In all the years I worked for the State Bar as a senior attorney for the Office of Trial Counsel, and all the literally thousands of complaints against attorneys I reviewed, I never saw a client who complained that his or her attorney called them too much. I’m asked all the time what’s the number one complaint against attorneys. It’s not that they’re evil or ill prepared, inexperienced or corrupt; it’s that they think that they’ll return that call tomorrow and tomorrow turns into days, weeks, more weeks and in some cases, a growing inclination to not look at the file again until it’s too late. Perhaps the statute of limitations has run, the tolling agreement has expired, the settlement offer is now withdrawn, or the discovery deadlines have passed. As devastating as one of these events can be to a client’s relationship with an attorney or firm, it’s compounded when the client learns about it from someone else – the opposing party, opposing attorney or the State Bar investigator after he or she receives the complaint that an attorney won’t communicate.

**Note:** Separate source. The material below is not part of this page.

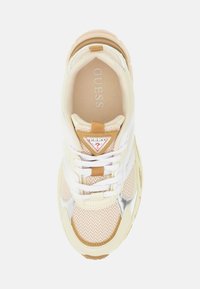 Zapatillas con parte superior de malla y sintético en crema y rosa claro, con acentos metálicos plateados, cordones blancos y una etiqueta de logo en la lengüeta.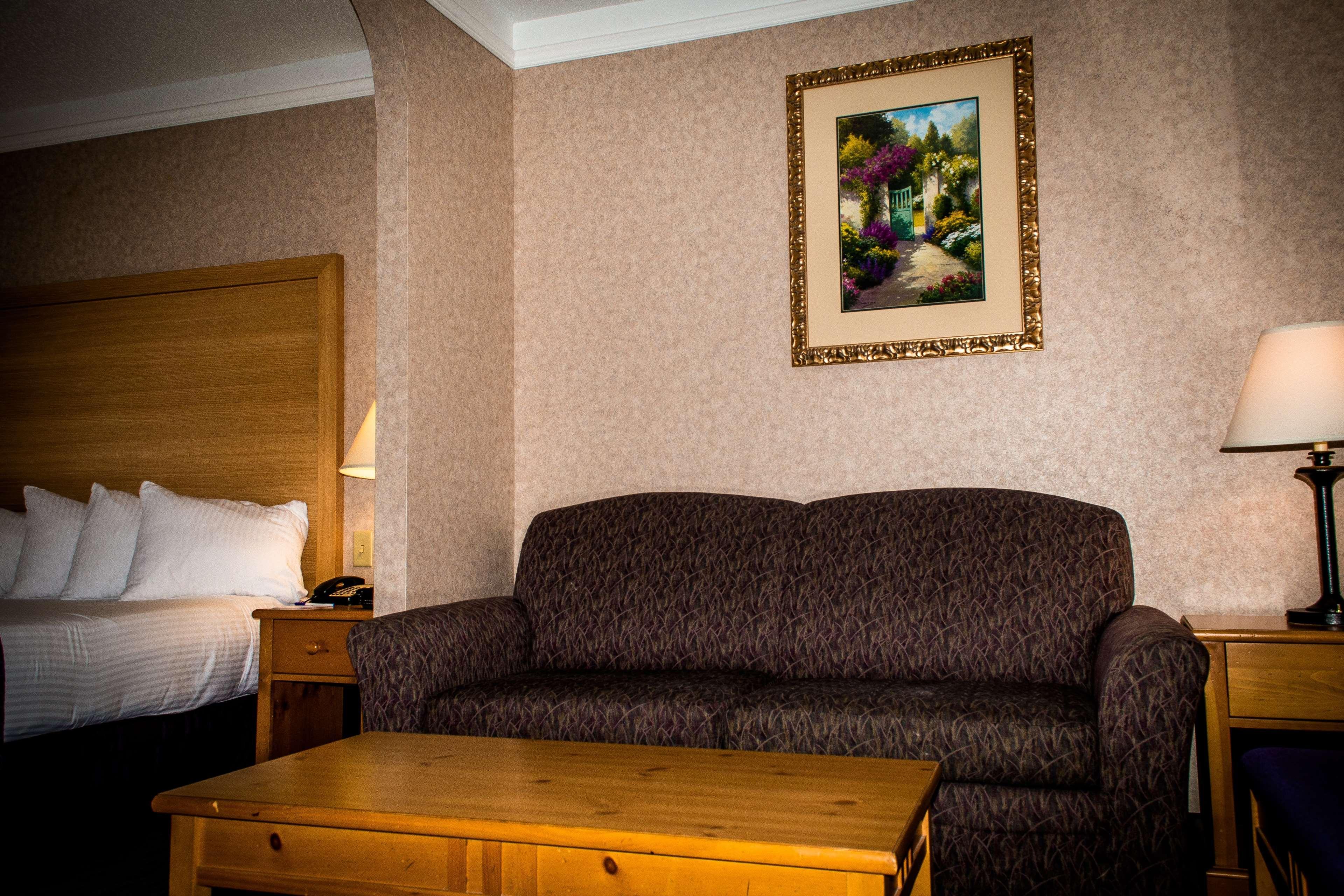 Best Western Plus Executive Court Inn & Conference Center Manchester Bagian luar foto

A study was done in medical malpractice cases where it turned out that many plaintiffs said they might have been satisfied if the doctor had just come to them, explained what happened and said how sorry they were. Just the opposite of what the professional liability representatives are instructing the doctors. But just as all attorneys are not evil, the same can be said for clients. The client is entrusting the attorney with one of the most important pieces of their life; generally, they want to know how it’s going.

The Rules of Professional Conduct (Rule 3-500) provide that an attorney must keep the client reasonably informed about significant developments. But what does that mean? Certainly the examples I just cited are significant developments. If something happens that makes or breaks the case, the client is going to want to know. On the other hand, the client is hiring the attorney to use his or her best judgment. Some of the friction can be avoided by having a discussion at the outset about what are some of the important events. For instance, one complaint heard regarding failure to communicate is the client saying he found out that his attorney had been to court on his matter and the client knew nothing about it, or the client heard there was a court hearing and the client wasn’t notified. It may turn out that the hearing was simply a status conference or discovery motion but the client complaining to the State Bar is, at least, a strong symptom of something gone wrong in the attorney-client relationship that might very well have been avoided if regular communication had been established earlier on. If the client is learning about incidents through third parties or taking it upon herself to look into the case status, there is something not working. As I said at the outset, clients don’t complain to the State Bar because their lawyer tells them too much.